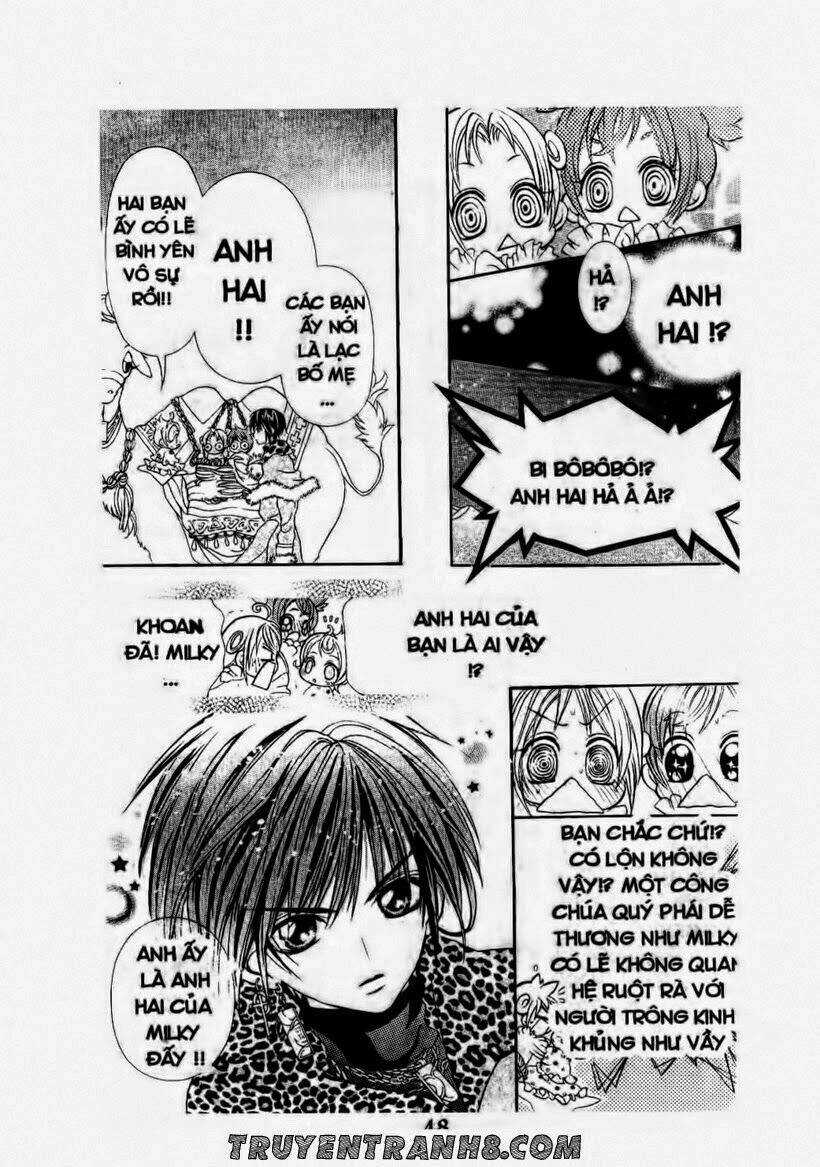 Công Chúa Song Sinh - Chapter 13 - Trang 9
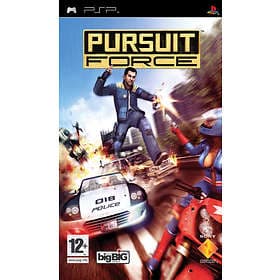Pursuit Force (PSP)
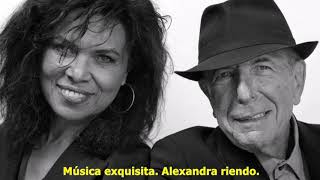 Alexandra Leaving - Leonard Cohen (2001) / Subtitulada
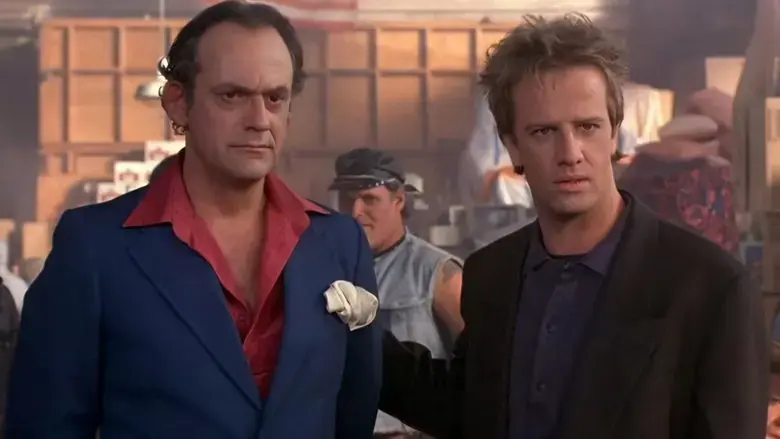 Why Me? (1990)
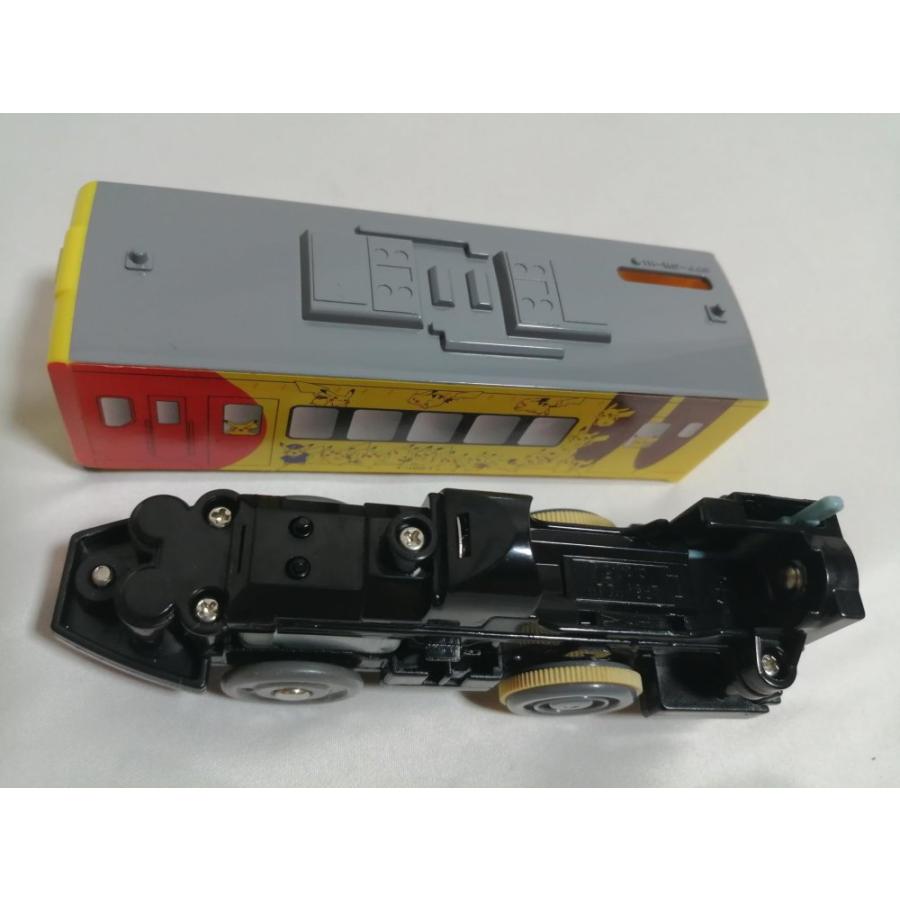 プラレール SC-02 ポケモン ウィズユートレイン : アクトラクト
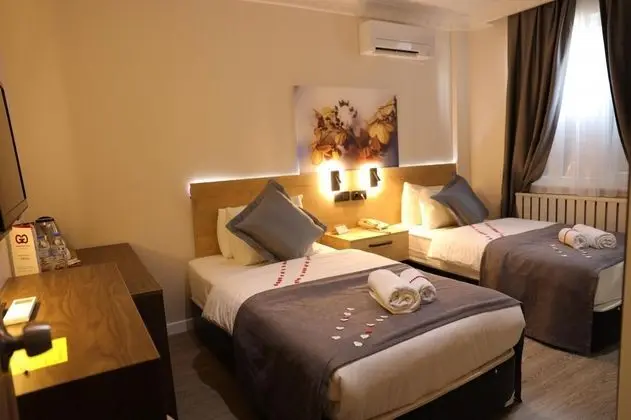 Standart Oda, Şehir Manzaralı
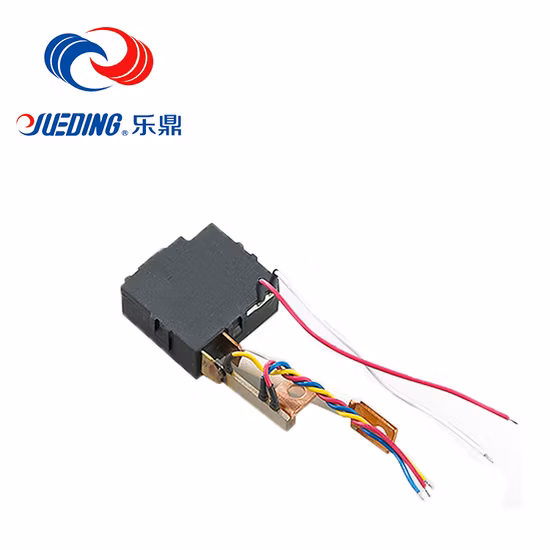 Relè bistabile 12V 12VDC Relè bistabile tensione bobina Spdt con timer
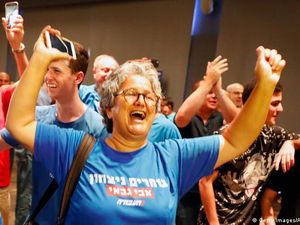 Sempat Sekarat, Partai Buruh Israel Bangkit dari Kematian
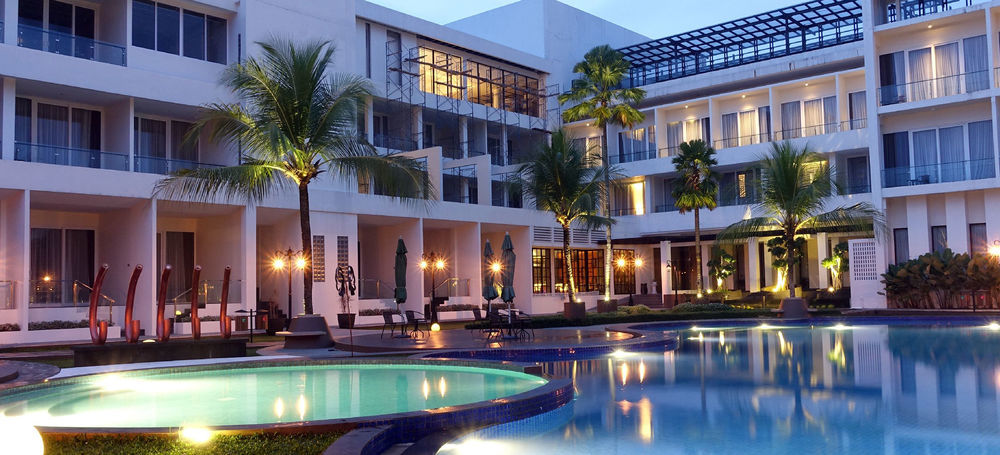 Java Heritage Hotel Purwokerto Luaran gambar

###

▶ **Prompt**
Nothing but the pictures is to be left out; repeat the data exactly.

▶ **Written answer**
 Công Chúa Song Sinh - Chapter 13 - Trang 9
Pursuit Force (PSP)
 Alexandra Leaving - Leonard Cohen (2001) / Subtitulada
 Why Me? (1990)
 プラレール SC-02 ポケモン ウィズユートレイン : アクトラクト
 Standart Oda, Şehir Manzaralı
 Relè bistabile 12V 12VDC Relè bistabile tensione bobina Spdt con timer
 Sempat Sekarat, Partai Buruh Israel Bangkit dari Kematian
 Java Heritage Hotel Purwokerto Luaran gambar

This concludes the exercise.